Maria Dulce – Era estatal e o governador a dirigia, portanto, imediatamente, passou a transmitir as ações do Movimento, assim como outras emissoras de rádio que apoiavam o Movimento. A decisão de integrar a cadeia de rádios da Legalidade foi uma consequência natural.

Sul21 — Mauro Borges utilizou esta cadeia de rádio para falar ao povo de Goiás?
Maria Dulce — Sim, fazia parte da sua estratégia de ações. Ele, todos os dias, lançava um Comunicado Oficial ao povo goiano e, também, aos gaúchos, que era divulgado pelas rádios. Ele solicitou ao secretário de Segurança que vigiasse as rádios, mas sem intervenção desnecessária.

Sul21 –Como os goianos reagiram à tentativa de golpe dos ministros militares e à decisão do governador de defender a Constituição?
Maria Dulce – Mais de 40 mil voluntários se prontificaram para a luta armada. Prefeitos, Câmaras Municipais, chefes de partidos políticos, estudantes de vários estados, funcionários públicos, OAB, e outras entidades e associações do interior e da Capital se manifestaram a favor da legalidade constitucional. Teve total apoio do povo goiano e de outros Estados. No interior de Goiás foram formados blocos legalistas, surpreendendo as expectativas. Até as mulheres formaram em Goiânia o Comitê Constitucionalista Feminino.

Sul21 — Mauro Borges mantinha contato com os demais governadores? Brizola dizia que Carvalho Pinto, o governador paulista, por exemplo, ficou em cima do muro.
Maria Dulce – Alguns governadores manifestaram apoio ao Movimento da Legalidade, como os do Piauí, Chagas Rodrigues; do Paraná, Ney Braga; da Bahia, Juracy Magalhães; da Paraíba, Pedro Godim. Alguns assumiram posições estratégicas de interesse de seus estados.

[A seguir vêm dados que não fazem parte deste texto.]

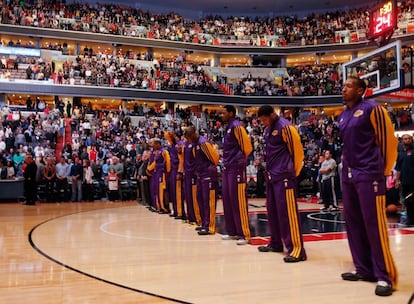 Los integrantes de los Lakers guardan silencio en recuerdo de las víctimas en el tiroteo de Newtown.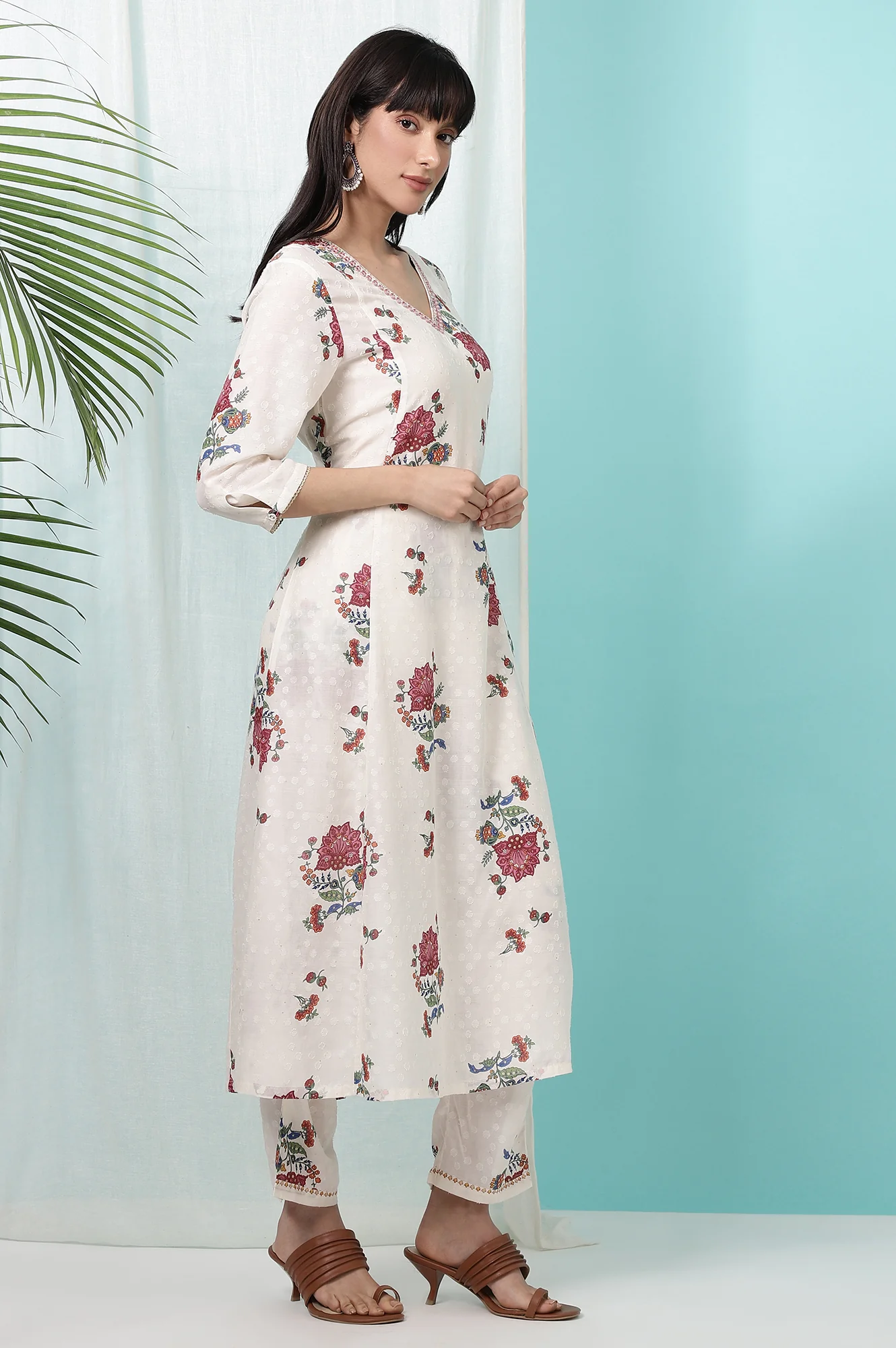 White Floral Printed Textured Dobby Flared Kurta - Image 7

“No Rio Grande do Sul, recebeu o título de cidadão gaúcho”

Sul21 — Mauro Borges participou da posse de Jango?
Mara Dulce — Sim, ele foi a Brasília para a posse.

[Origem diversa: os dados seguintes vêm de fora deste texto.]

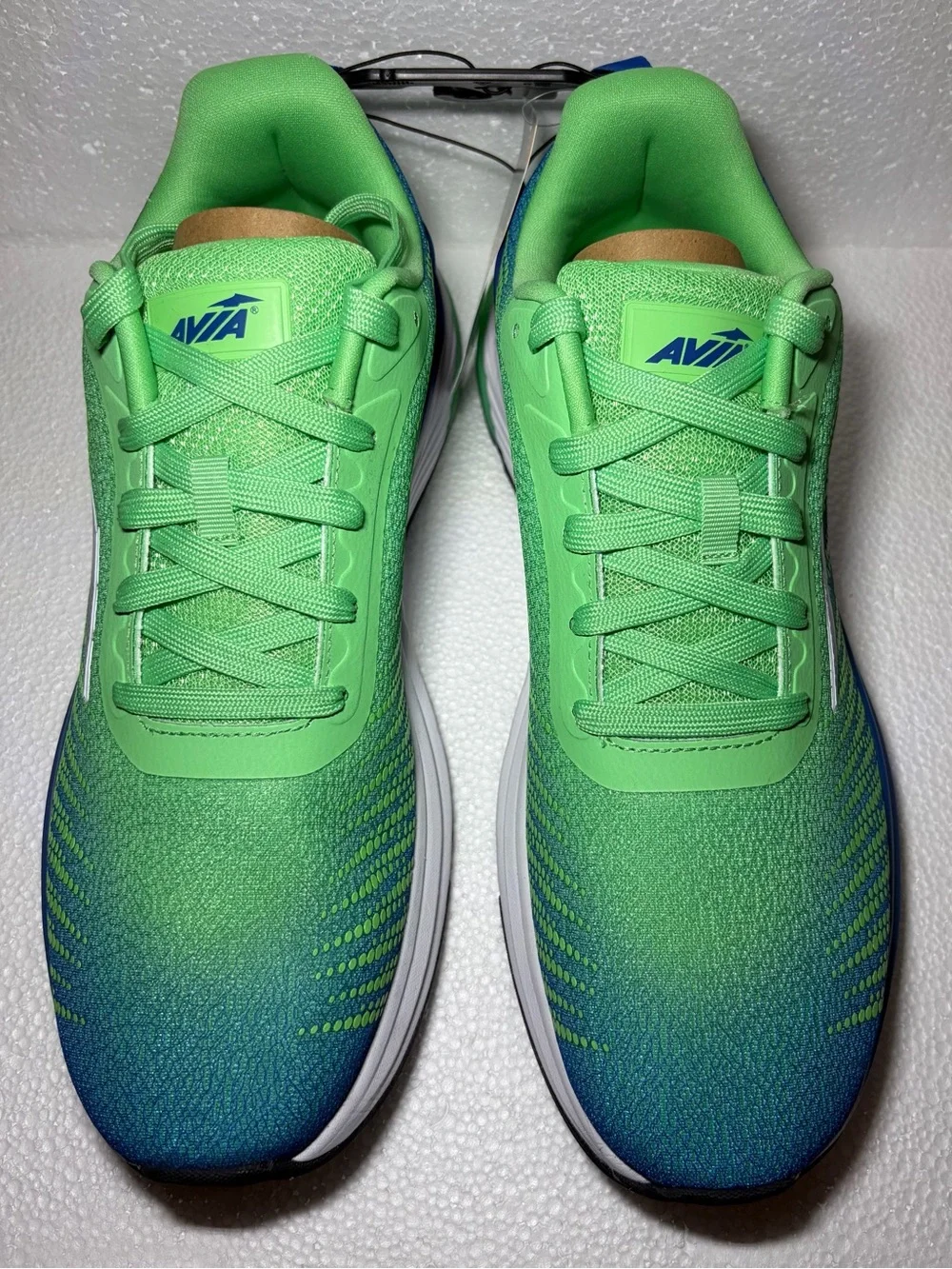 Avia men’s Hypersonic Gel Running Shoes size 11 green & Blue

Sul21 — Ele veio ao Rio Grande do Sul logo depois da Legalidade. Foi para participar do 20 de setembro, a data máxima dos gaúchos? O que contava deste contato com Brizola?
Maria Dulce – Ele foi homenageado e, portanto, convidado para a comemoração e para receber o título de Cidadão Gaúcho, um cartão de prata e a saudação do poeta gaúcho Jayme Caetano Braun ressaltando a sua participação no Movimento da Legalidade, assim como de Leonel Brizola e do general do III Exército José Machado Lopes. Uma comemoração da vitória da Legalidade Constitucional. Homenagem considerada por Mauro como uma das maiores glórias e alegrias que teve.

Brizola e Mauro se distanciaram durante a ditadura, encontraram-se de novo quando Brizola se candidatou pela primeira vez para presidente da República. Mauro o apoiou em Goiás e ele aqui esteve poucas vezes. Contatos políticos somente.

Sul21 — Qual a avaliação que Mauro Borges fazia do Movimento da Legalidade? Considerava-o vitorioso, apesar da adoção do parlamentarismo? Ou se sentia frustrado com o resultado?
Maria Dulce – A avaliação foi cuidadosa devido à proximidade de Goiás e de Goiânia ao Comando Militar do Planalto, onde havia o melhor da tropa brasileira. Era sua preocupação maior a garantia da integridade e segurança pessoal do povo goiano, principalmente dos que participaram ativamente do Movimento da Legalidade.

A vitória foi a Constituição Brasileira ter sido obedecida com a posse do vice-presidente eleito, o resto foram acertos políticos que valeram como tentativa. O final deu a certeza de que o Movimento da Legalidade foi vitorioso e aclamado com alegria pelo povo brasileiro, especialmente, goianos e gaúchos.